_Try it_
What's needed is an exact copy of the lines from the one that contains "A bathroom with" to the end of the data below, leaving the pictures out.

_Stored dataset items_
- - -

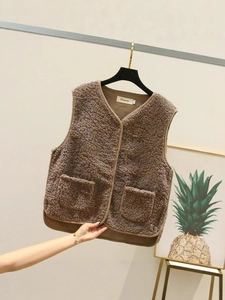 Short brown sherpa fleece vest with V-neck, button closure and two front pockets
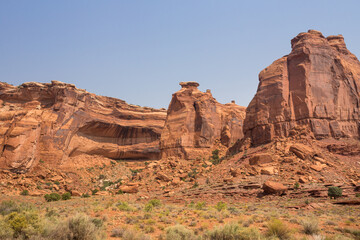 Fototapeta premium Crumbling rock formations and rocks falling down into Arches National Park, Utah. Typical view of the crumbling rock of sandstone
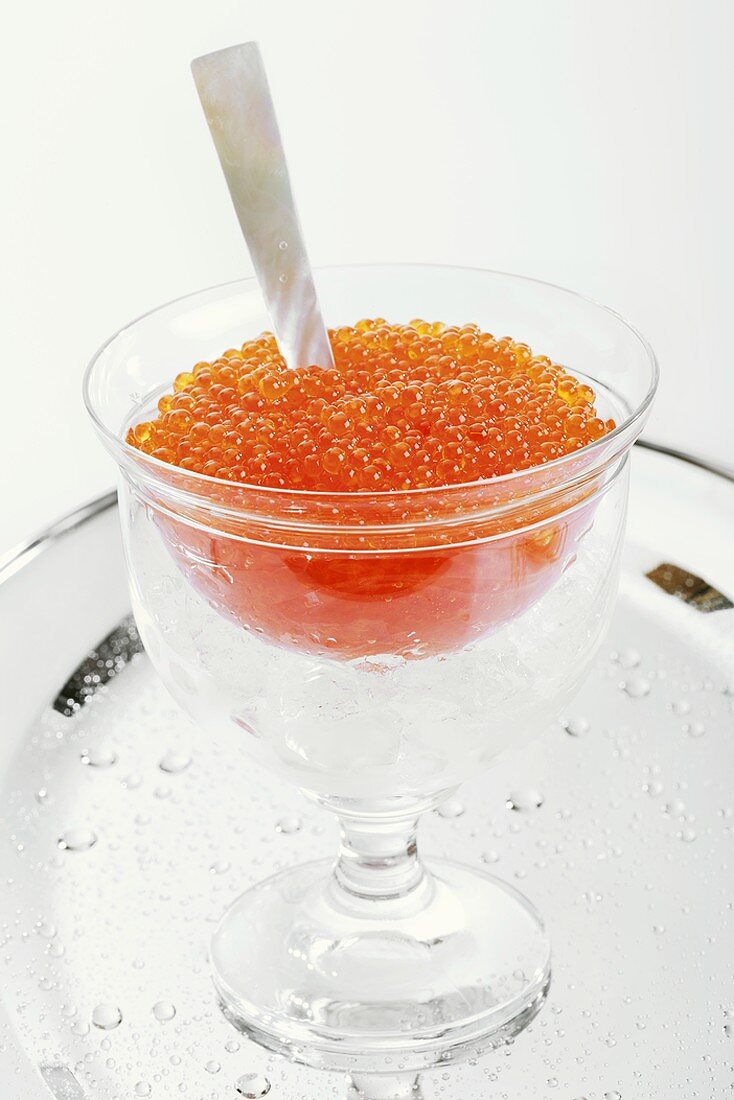 Trout caviar with mother-of-pearl spoon in glass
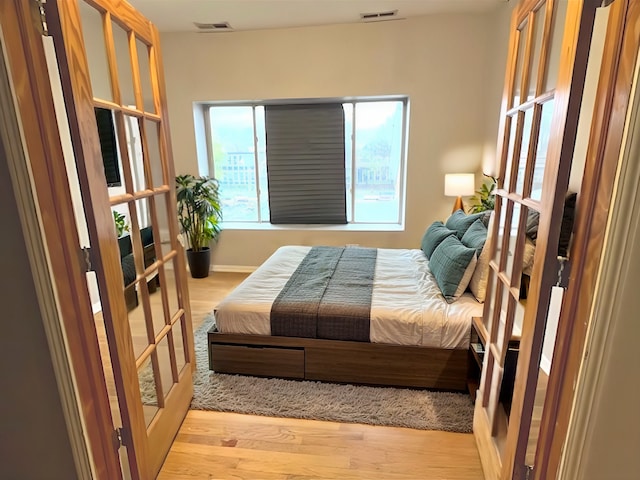 bedroom featuring light hardwood / wood-style floors and french doors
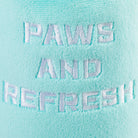 A close-up of a mint green plush fabric with white embroidered text reading 'PAWS AND REFRESH'.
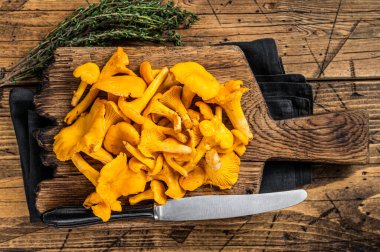 Vahşi Çiğ, kesme tahtasında pişmemiş Chanterelles mantarı. Ahşap arka plan. Üst görünüm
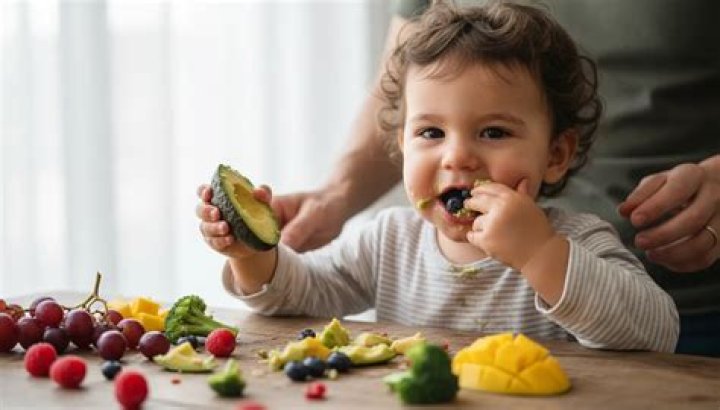 Holding food in his mouth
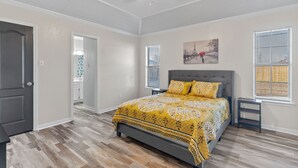 Une chambre à coucher avec un lit, un ventilateur de plafond, une fenêtre avec des stores et une porte.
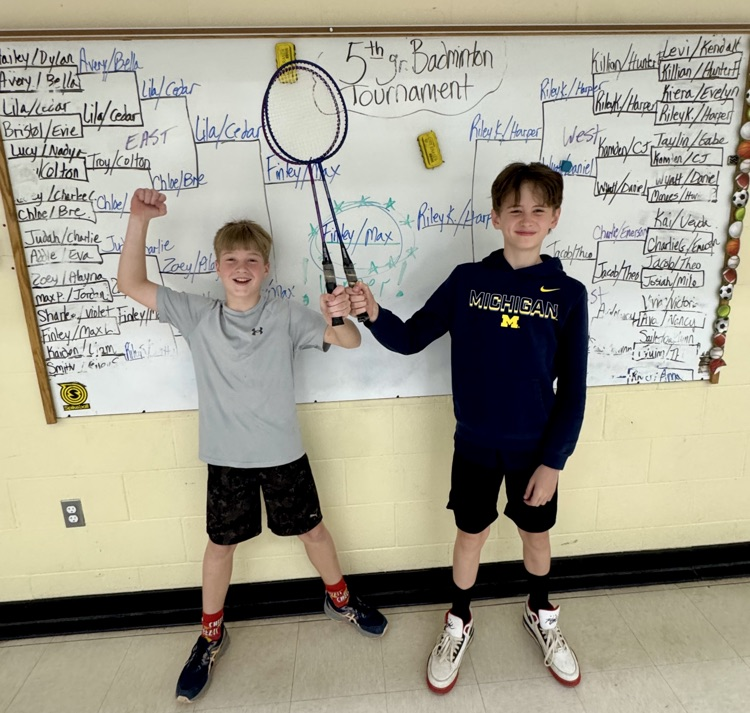 picture of two students holding badminton rackets in front of a whiteboard with a badminton bracket written out 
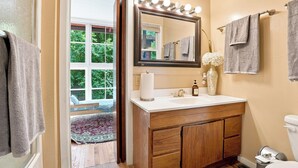 A bathroom with a vanity, a mirror with lights, a toilet, and a window with a view of greenery.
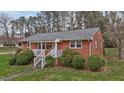 Quaint brick home with a white picket porch, surrounded by lush greenery at 461 Camp Rd, Burlington, NC 27217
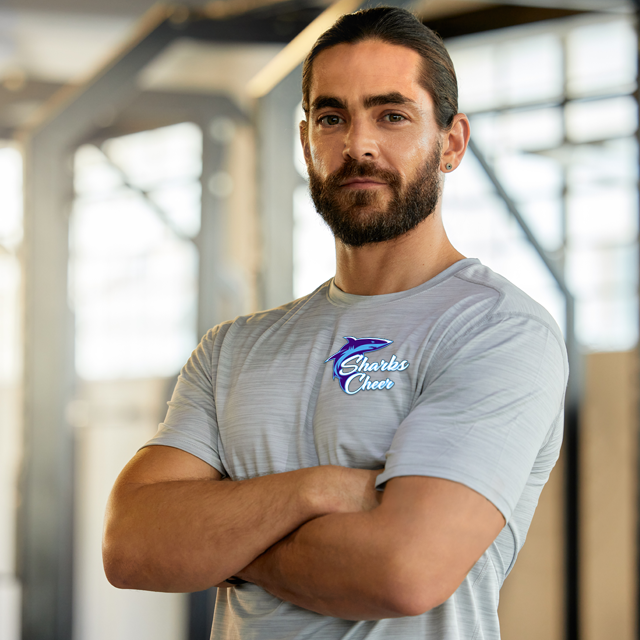 A man with a beard and long hair, wearing a gray shirt with a Sharks Cheer logo, arms crossed, in a gym.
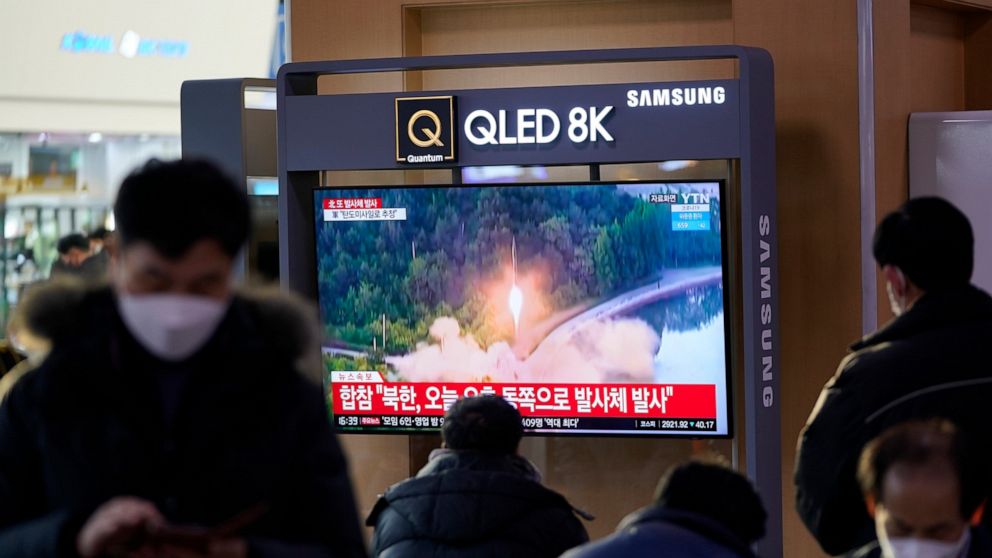 People watch a TV screen showing a news program reporting about North Korea's missile launch with a file footage, at a train station in Seoul, South Korea, Friday, Jan. 14, 2022. North Korea on Friday fired two short-range ballistic missiles in its t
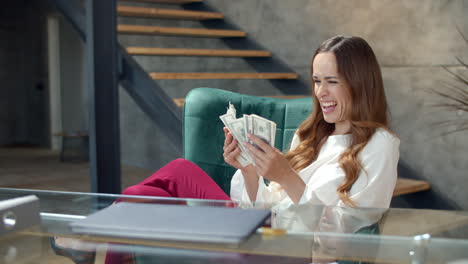 joyful business woman counting money in office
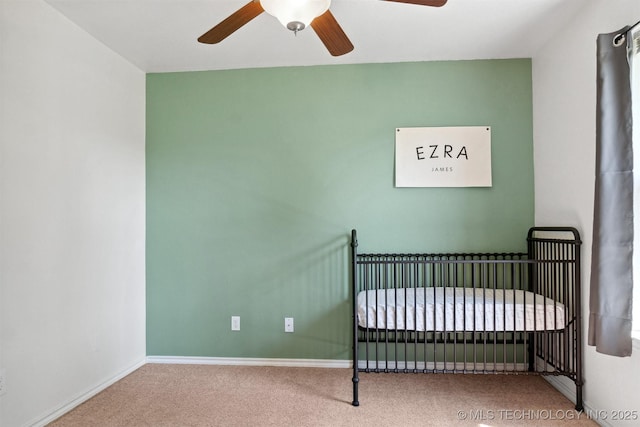 unfurnished bedroom featuring a crib, carpet, and ceiling fan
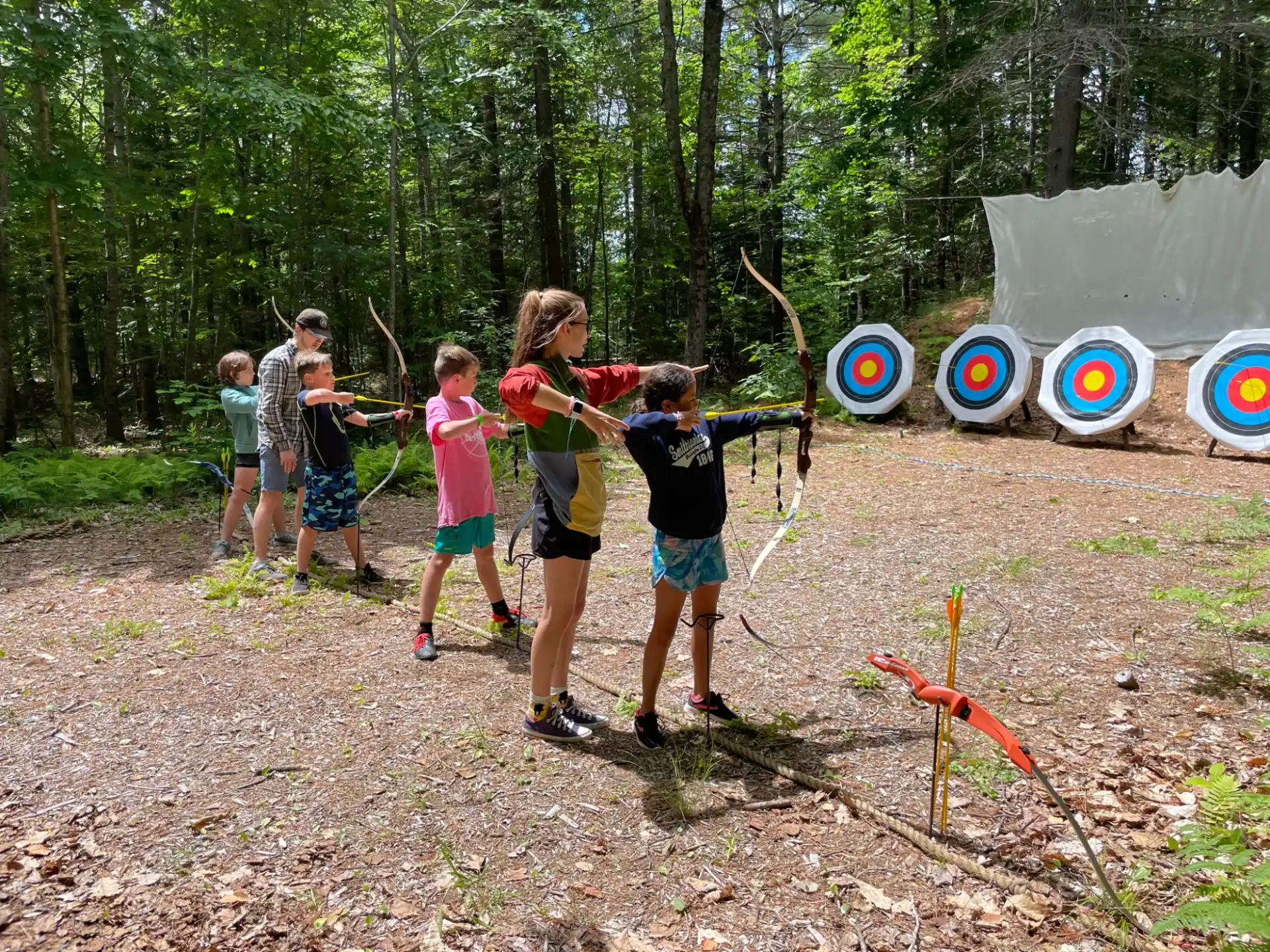 a group of kids playing in the woods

- - -

_Response for this exercise_
 A bathroom with a vanity, a mirror with lights, a toilet, and a window with a view of greenery.
 Quaint brick home with a white picket porch, surrounded by lush greenery at 461 Camp Rd, Burlington, NC 27217
 A man with a beard and long hair, wearing a gray shirt with a Sharks Cheer logo, arms crossed, in a gym.
 People watch a TV screen showing a news program reporting about North Korea's missile launch with a file footage, at a train station in Seoul, South Korea, Friday, Jan. 14, 2022. North Korea on Friday fired two short-range ballistic missiles in its t
 joyful business woman counting money in office
 unfurnished bedroom featuring a crib, carpet, and ceiling fan
 a group of kids playing in the woods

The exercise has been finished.